ASA SQL User's Guide
Common Table Expressions
You can use recursive common table expressions to find desirable paths on a directed graph. Each row in a database table represents a directed edge. Each row specifies an origin, a destination, and a cost of traveling from the origin to the destination. Depending on the problem, the cost may represent distance, travel time, or some other measure. Recursion permits you to explore possible routes through this graph. From the set of possible routes, you can then select the ones that interest you.
For example, consider the problem of finding desirable way to drive between the cities of Kitchener and Pembroke. There are quite a few possible routes, each of which takes you through a different set of intermediate cities. The goal is to find the shortest routes, and to compare them to reasonable alternatives.
First, define a table to represent the edges of this graph and insert one row for each edge. Since all the edges of this graph happen to be bi-directional, the edges that represent the reverse directions must be inserted also. This is done by selecting the initial set of rows, but interchanging the origin and destination. For example, one row must represent the trip from Kitchener to Toronto, and another row the trip from Toronto back to Kitchener.
CREATE TABLE travel ( origin AS VARCHAR(10), destination AS VARCHAR(10), distance AS INT, PRIMARY KEY (origin, destination) );
INSERT INTO travel SELECT 'Kitchener', 'Toronto', 105 UNION SELECT 'Kitchener', 'Barrie', 155 UNION SELECT 'North Bay', 'Pembroke', 220 UNION SELECT 'Pembroke', 'Ottawa', 150 UNION SELECT 'Barrie', 'Toronto', 90 UNION SELECT 'Toronto', 'Belleville', 190 UNION SELECT 'Belleville', 'Ottawa', 230 UNION SELECT 'Belleville', 'Pembroke', 230 UNION SELECT 'Barrie', 'Huntsville', 125 UNION SELECT 'Huntsville', 'North Bay', 130 UNION SELECT 'Huntsville', 'Pembroke', 245;
INSERT INTO travel -- Insert the return trips SELECT destination, origin, distance FROM travel;
The next task is to write the recursive common table expression. Since the trip will start in Kitchener, the initial subquery begins by selecting all the possible paths out of Kitchener, along with the distance of each.

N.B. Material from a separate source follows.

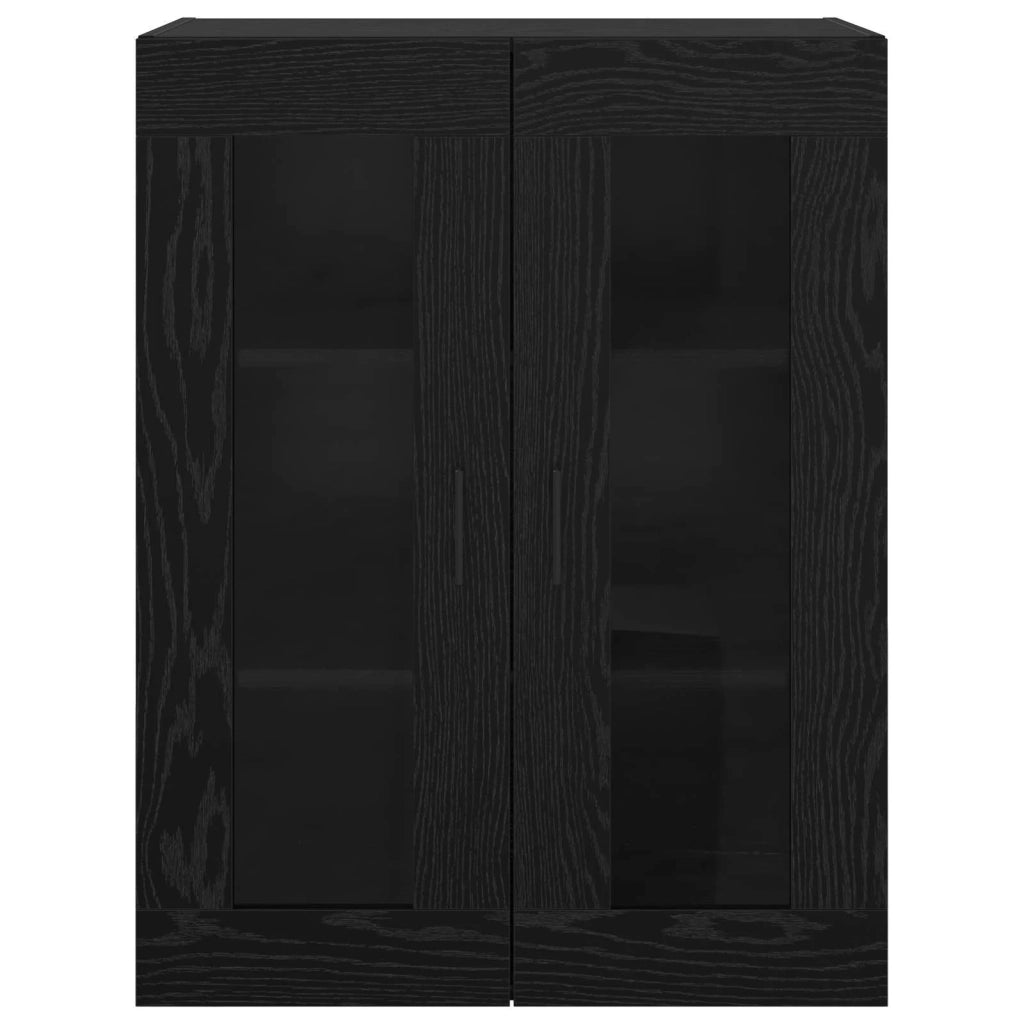 Pensile Nero 69,5 x 34 x 90 cm Legno multistrato 879604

The recursive subquery extends the paths. For each path, it adds segments that continue along from the destinations of the previous segments, adding the length of the new segments so as to maintain a running total cost of each route. For efficiency, routes are terminated if they meet either of the following conditions:
The path returns to the starting location.
The path returns to the previous location.
The path reaches the desired destination.
In the current example, no path should return to Kitchener and all paths should be terminated if they reach Pembroke.
It is particularly important to guarantee that recursive queries will terminate properly when using them to explore cyclic graphs. In this case, the above conditions are insufficient, as a route may include an arbitrarily large number of trips back and forth between two intermediate cities. The recursive query below guarantees termination by limiting the maximum number of segments in any given route to seven.
Since the point of the example query is to select a practical route, the main query selects only those routes that are less than 50 percent longer than the shortest route.
WITH RECURSIVE trip (route, destination, previous, distance, segments) AS ( SELECT CAST(origin || ', ' || destination AS VARCHAR(256)), destination, origin, distance, 1 FROM travel WHERE origin = 'Kitchener' UNION ALL SELECT route || ', ' || v.destination, v.destination, -- current endpoint v.origin, -- previous endpoint t.distance + v.distance, -- total distance segments + 1 -- total number of segments FROM trip t JOIN travel v ON t.destination = v.origin WHERE v.destination <> 'Kitchener' -- Don't return to start AND v.destination <> t.previous -- Prevent backtracking AND v.origin <> 'Pembroke' -- Stop at the end AND segments -- TERMINATE RECURSION! < ( SELECT count(*)/2 FROM travel ) ) SELECT route, distance, segments FROM trip WHERE destination = 'Pembroke' AND distance < 1.5 * ( SELECT min(distance) FROM trip WHERE destination = 'Pembroke' ) ORDER BY distance, segments, route;
When run with against the above data set, this statement yields the following results.
route | distance | segments |
---|---|---|
Kitchener, Barrie, Huntsville, Pembroke | 525 | 3 |
Kitchener, Toronto, Belleville, Pembroke | 525 | 3 |
Kitchener, Toronto, Barrie, Huntsville, Pembroke | 565 | 4 |
Kitchener, Barrie, Huntsville, North Bay, Pembroke | 630 | 4 |
Kitchener, Barrie, Toronto, Belleville, Pembroke | 665 | 4 |
Kitchener, Toronto, Barrie, Huntsville, North Bay, Pembroke | 670 | 5 |
Kitchener, Toronto, Belleville, Ottawa, Pembroke | 675 | 4 |